Data below.

=====

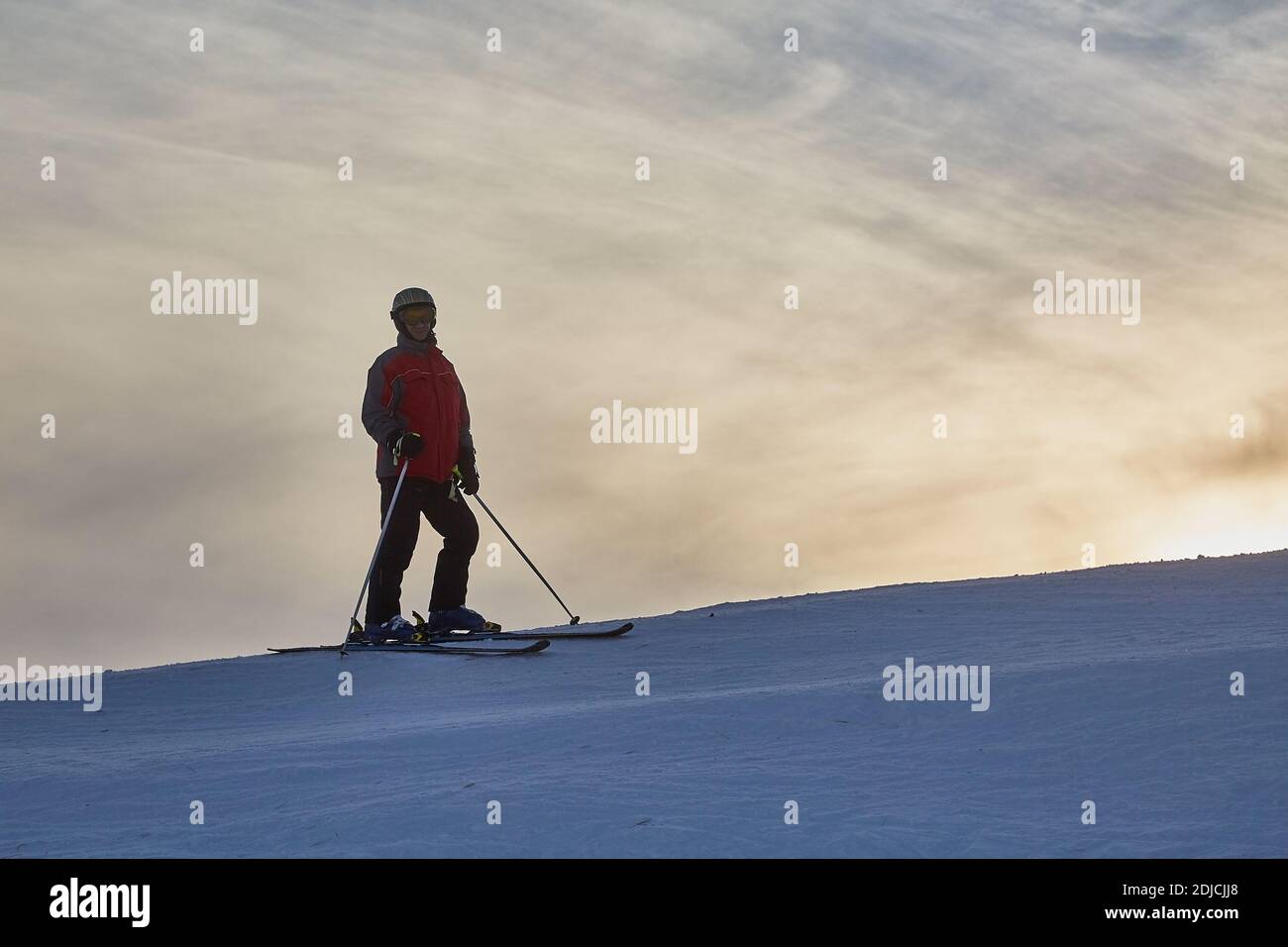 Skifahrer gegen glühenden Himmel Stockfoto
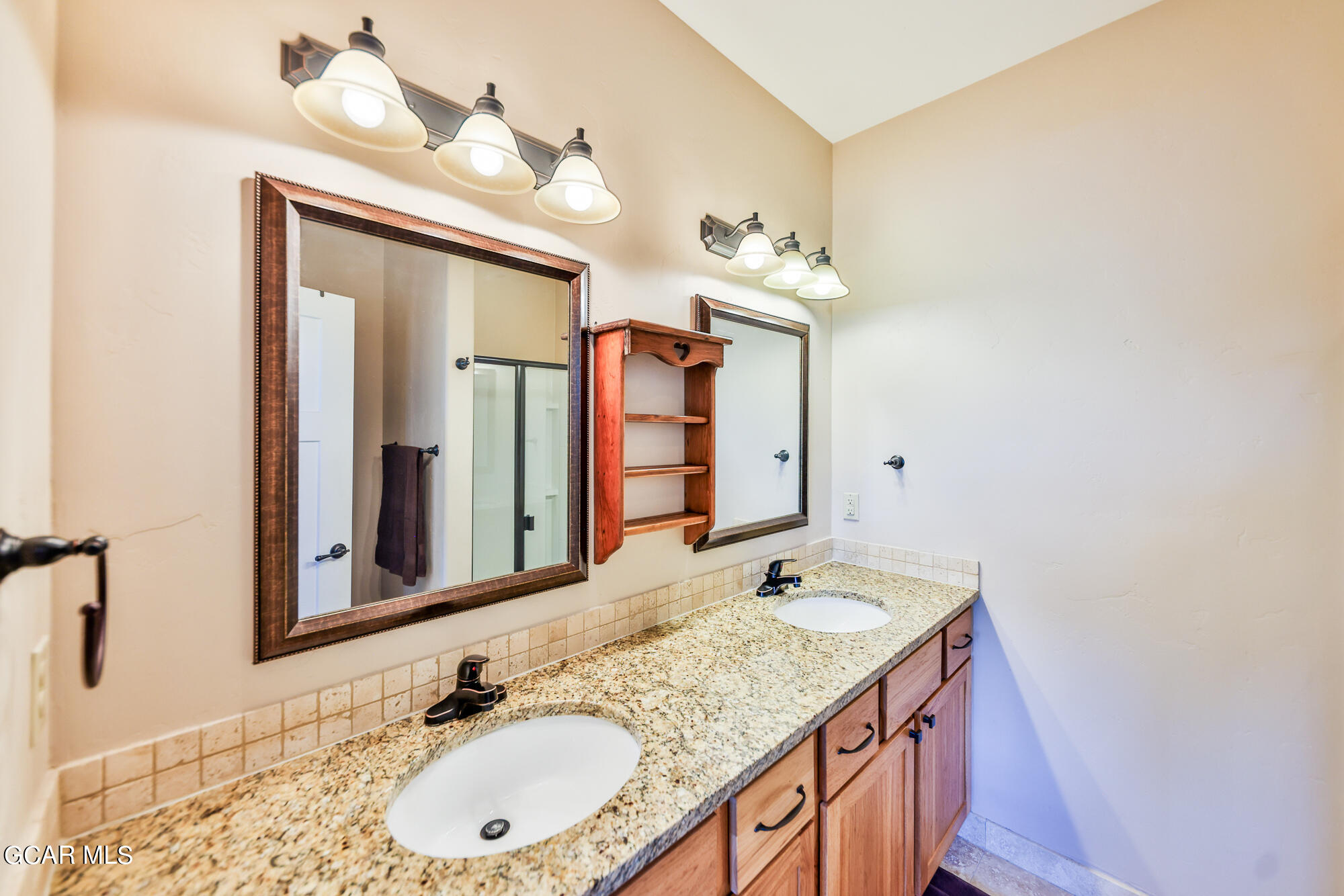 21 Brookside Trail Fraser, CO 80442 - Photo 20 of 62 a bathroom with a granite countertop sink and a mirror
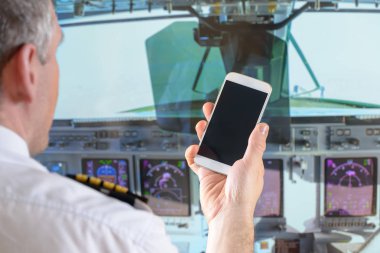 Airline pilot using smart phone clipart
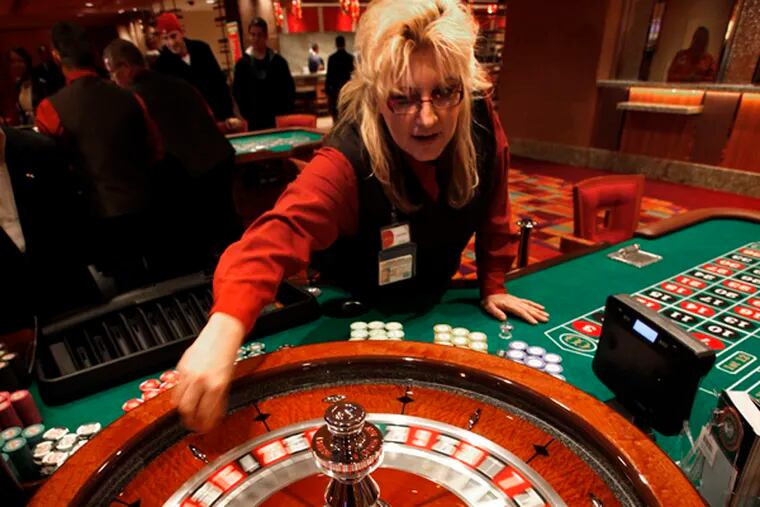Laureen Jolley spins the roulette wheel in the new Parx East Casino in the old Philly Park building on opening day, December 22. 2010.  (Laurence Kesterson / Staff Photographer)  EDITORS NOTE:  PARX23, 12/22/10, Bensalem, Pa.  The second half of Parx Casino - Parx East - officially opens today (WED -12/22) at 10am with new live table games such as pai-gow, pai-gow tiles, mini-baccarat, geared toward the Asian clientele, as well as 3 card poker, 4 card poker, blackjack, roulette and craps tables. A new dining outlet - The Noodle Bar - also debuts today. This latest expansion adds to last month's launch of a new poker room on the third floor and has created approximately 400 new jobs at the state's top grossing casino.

=====

From the line that contains "Airline pilot using smart phone clipart" to the end of the listing, give every line again exactly as written. Leave the pictures out.

 Airline pilot using smart phone clipart
Laureen Jolley spins the roulette wheel in the new Parx East Casino in the old Philly Park building on opening day, December 22. 2010.  (Laurence Kesterson / Staff Photographer)  EDITORS NOTE:  PARX23, 12/22/10, Bensalem, Pa.  The second half of Parx Casino - Parx East - officially opens today (WED -12/22) at 10am with new live table games such as pai-gow, pai-gow tiles, mini-baccarat, geared toward the Asian clientele, as well as 3 card poker, 4 card poker, blackjack, roulette and craps tables. A new dining outlet - The Noodle Bar - also debuts today. This latest expansion adds to last month's launch of a new poker room on the third floor and has created approximately 400 new jobs at the state's top grossing casino.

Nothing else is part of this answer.